İMO TRABZON ŞUBESİ "TAŞKIN ve HEYELAN İLE İLGİLİ TEKNİK İNCELEME RAPORU"NU YAYINLADI

TRABZON – TMMOB İnşaat Mühendisleri Odası Trabzon Şubesi Yönetim Kurulu, Trabzon İli Araklı İlçesi'nde 18 Haziran 2019 günü meydana gelen ve toplam 10 kişinin ölümüne ve önemli ölçüde maddi hasara yol açan taşkın ve heyelan afetine ilişkin "Taşkın ve Heyelan ile İlgili Teknik İnceleme Raporu" yayınladı.
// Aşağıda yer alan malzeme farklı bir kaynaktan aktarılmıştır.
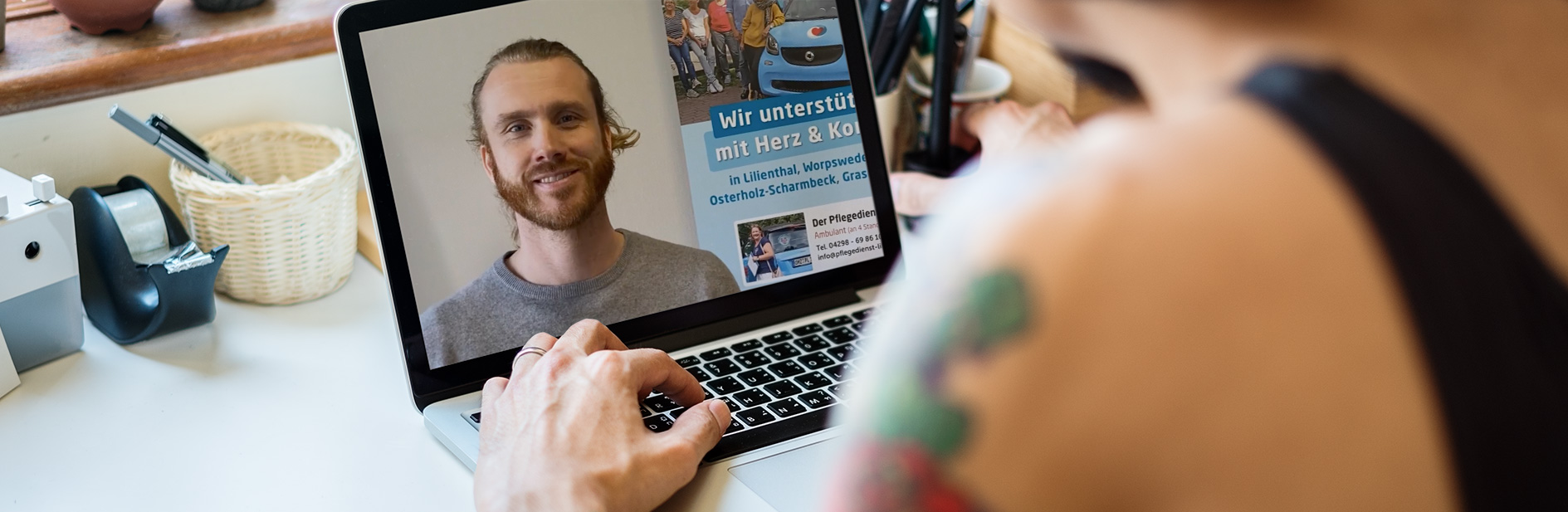 Eine Person von einem Laptop mit einer Online Veranstaltung von Sven Mensen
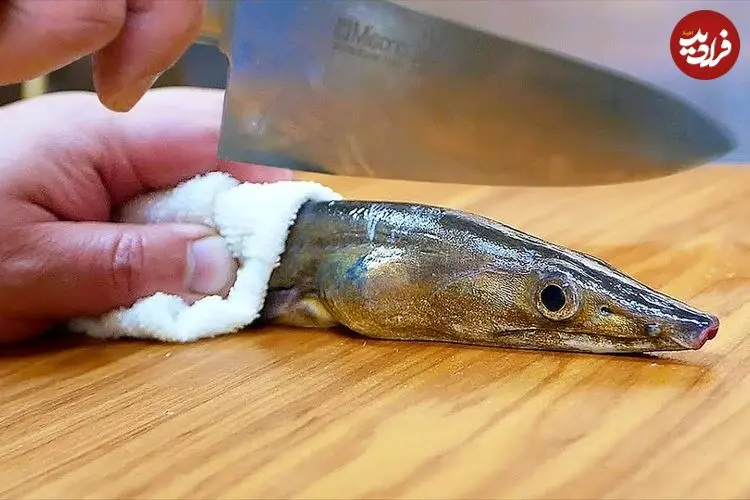 ببینید| غذای خیابانی در ژاپن؛ تهیه خوراک با مارماهی و تخم مرغ در اوکیناوا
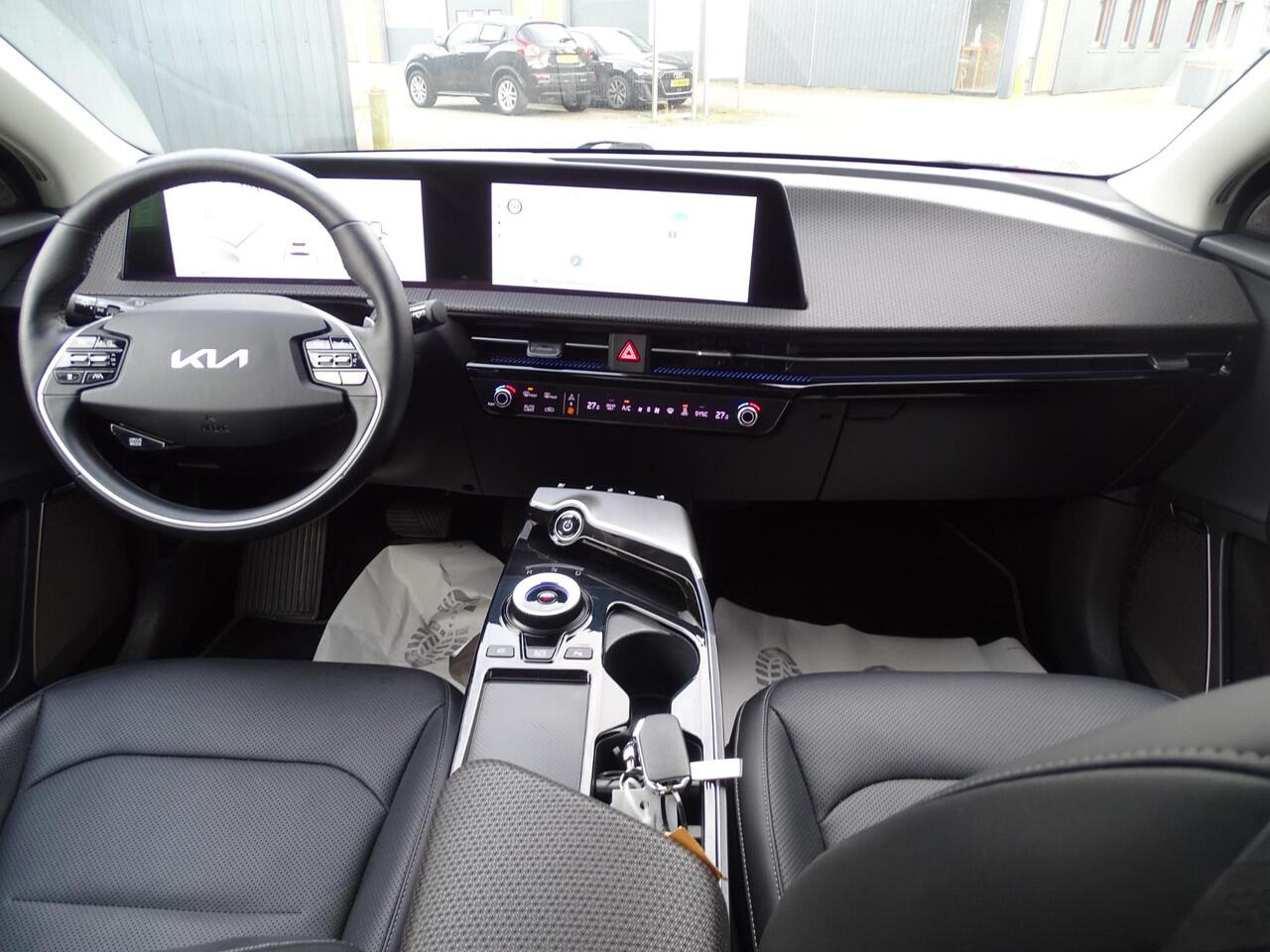 KIA EV6 Plus Advanced 77.4 kWh SOH 98% | ADAPTIEVE CRUISECONTROL | NAVIGATIE | PANORAMADAK | VERWARMDE VOORSTOELEN | FULL LED PAKKET | AIRCO / ECC | ACHTERUITRIJCAMERA | PARKEERSENSOREN ACHTER |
İnşaat Mühendisleri Odası Trabzon Şubesi Yönetim Kurulu adına yapılan basın açıklaması:

"Basınımızın Değerli Temsilcileri;

Trabzon İli Araklı İlçesi'nde 18 Haziran 2019 günü meydana gelen ve toplam 10 kişinin ölümüne ve önemli ölçüde maddi hasara yol açan taşkın ve heyelan afetiyle ilgili olarak Karadeniz Teknik Üniversitesi Mühendislik Fakültesi İnşaat Mühendisliği Bölümü (KTÜ MF İMB) Öğretim Elemanları Prof. Dr. Ömer YÜKSEK, Doç. Dr. Erol ŞADOĞLU ve Dr. Öğr. Üyesi Osman ÜÇÜNCÜ ve TMMOB İnşaat Mühendisleri Odası (İMO) Trabzon Şubesi Başkanı İnş. Müh. Muzaffer AYDIN, bir arazi çalışması gerçekleştirmiştir.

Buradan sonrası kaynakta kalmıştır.